シンボルとしての「羊飼い」
Shepherd 羊飼い、牧者
羊飼いは、あらゆる群集を導き保護する者、救済者、である。羊飼いは死者の魂の導者でもあり、そこから死者を支配する神と結びつけられるが、この神は羊飼いの牧杖を持物とする。<善き牧者>は、シュメール、イラン(ゾロアスター教)、ユダヤ、オルフェウス教、ヘルメス思想、ピタゴラス主義、チベット、キリスト教など、多くの伝統文化に見られる。
【古代近東】 植物の神でありまた羊飼いであるタンムズは、群れの保護者である。アミュノスとマゴスは、フェニキア人に牧畜を教えた。
【チベット仏教】ダライ・ラマは、いわば<いと慈悲深き善き牧者>たる観音菩薩の化身といわれる。
【キリスト教】羊飼いは、<善き牧者>キリストとして、キリストの人間性と憐れみの心をあらわし、さらにまた迷える者のとりもどし、を象徴する。
【エジプト】神ラーは「万人の<牧者>」である。エジプト王はその民を導く羊飼いである。
【ギリシア】羊飼いオルフェウスは<善き牧者>で、持物として肩に牡羊あるいは仔山羊を載せている。ヘルメス・クリオフォロスすなわち「雄羊を抱く」ヘルメスも、<善き牧者>である。

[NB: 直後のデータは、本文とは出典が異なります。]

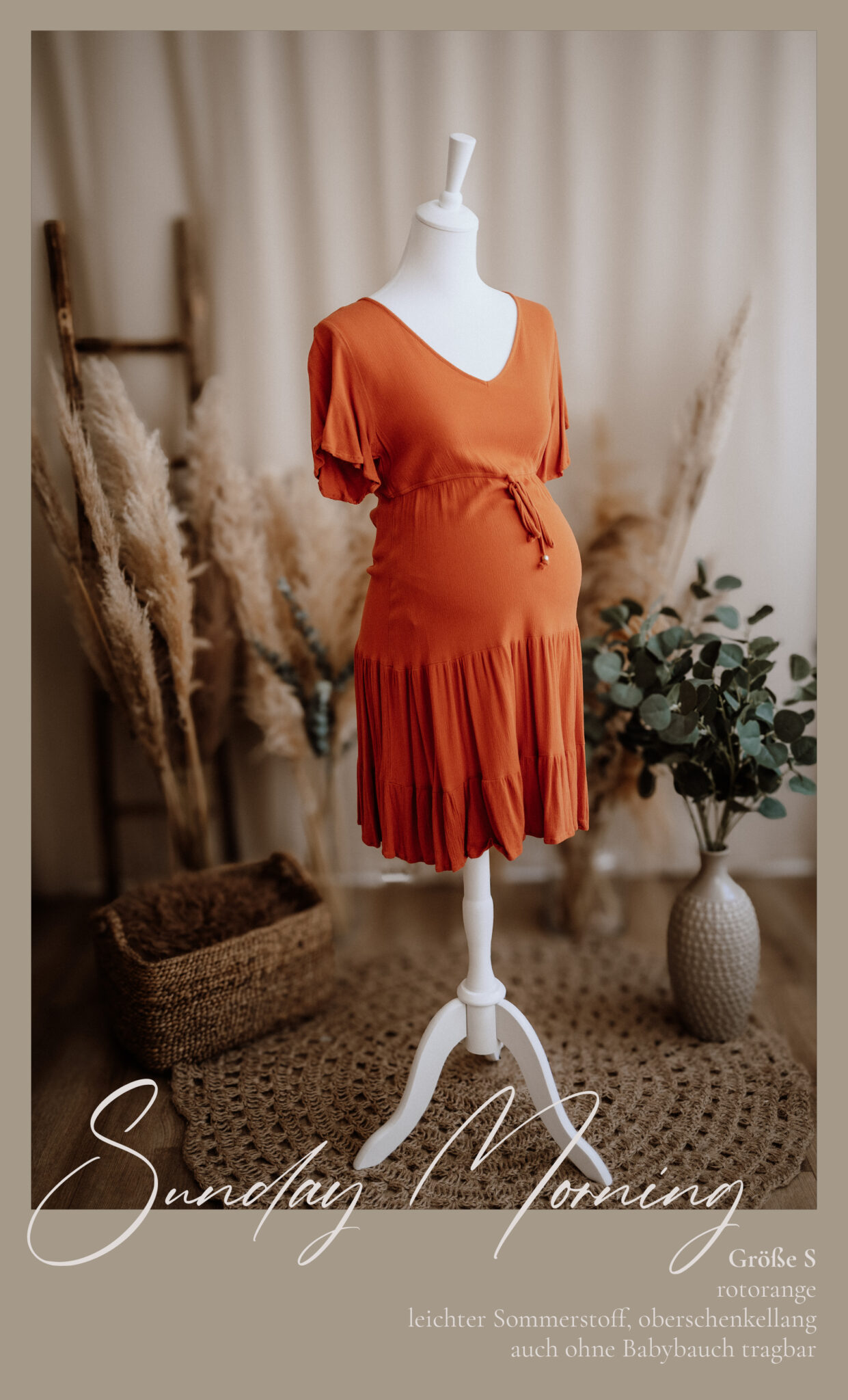 Ein rostorangefarbenes Umstandskleid mit Wickelmuster ist auf einer weißen Schaufensterpuppe ausgestellt. Die Umgebung besteht aus Pampasgras, einem Weidenkorb, einem runden Teppich und einer Vase, die einen gemütlichen, neutral getönten Hintergrund bilden.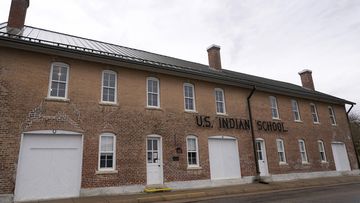 The museum building at the former Genoa Indian Industrial School is seen. For decades the location of the student cemetery, where more than 80 Native American children are buried, has been a mystery.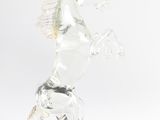 clear glass figurine of a horse standing on its hind legs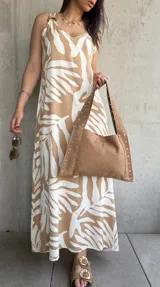 Vestido largo color beige con estampado de hojas blancas, de tirantes finos y corte recto.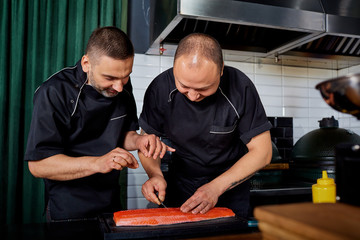 Two chefs cook salmon in the kitchen.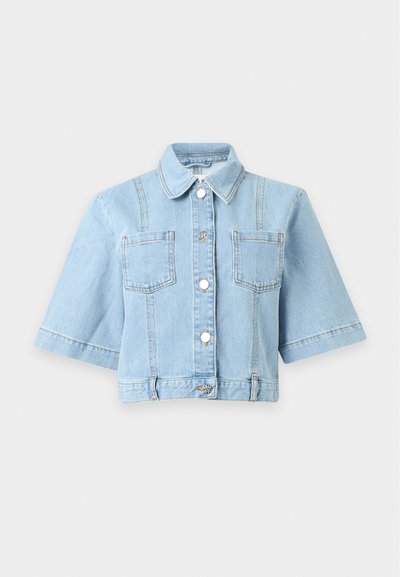 Veste en jean bleu clair coupée courte avec manches courtes, boutons sur le devant, deux poches poitrine et col classique.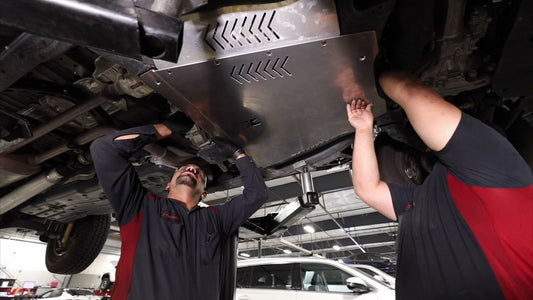 Installers at a local Toyota dealer installing a Miller CAT Cat Shield on a Tundra.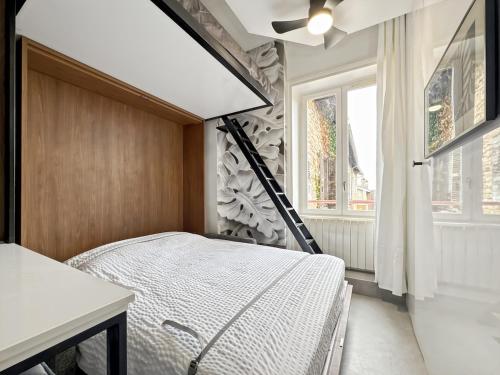 a bedroom with a bed and a window at La White box in Trévoux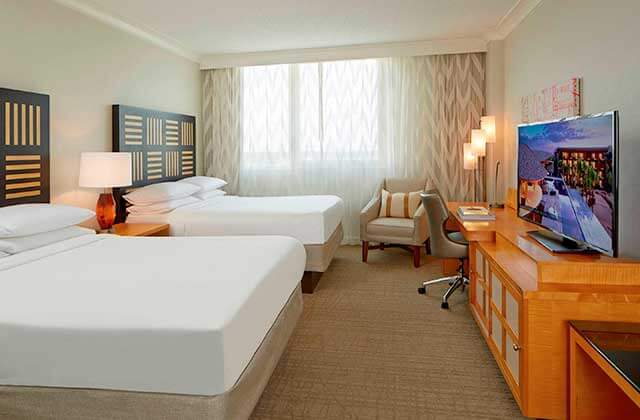 hotel room with two large beds and brown and orange accents at renaissance orlando airport hotel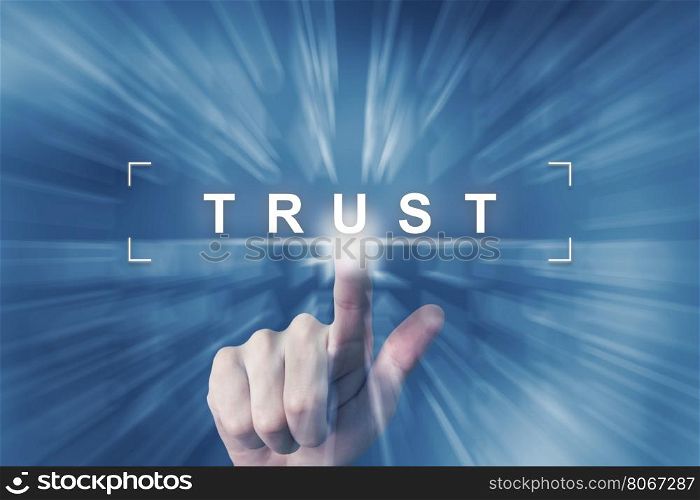 hand clicking on trust button with zoom effect background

牧神パンは牧夫であり、神ヘルメス/メルクリウスは魂の牧者である。
【ヒンドゥー教】シヴァ神は牧夫であり、神クリシュナは牛飼いや牛の世話をする若い女たちと結びつけられる。
【イラン】<黄金時代>の王イマは、太陽の目をもつ<善き牧者>で、不死の秘密を握っている。
【イスラム】「「神の栄光は羊飼いたちのあいだにある」。
羊を肩にのせた羊飼いの姿がとても気に入ったので、「世界シンボル辞典」で「羊飼い」を引いてみたら、たいへんなことになってしまいました。羊飼いイメージは、世界中に満ち満ちているようです。うう、どこから手をつけたものか。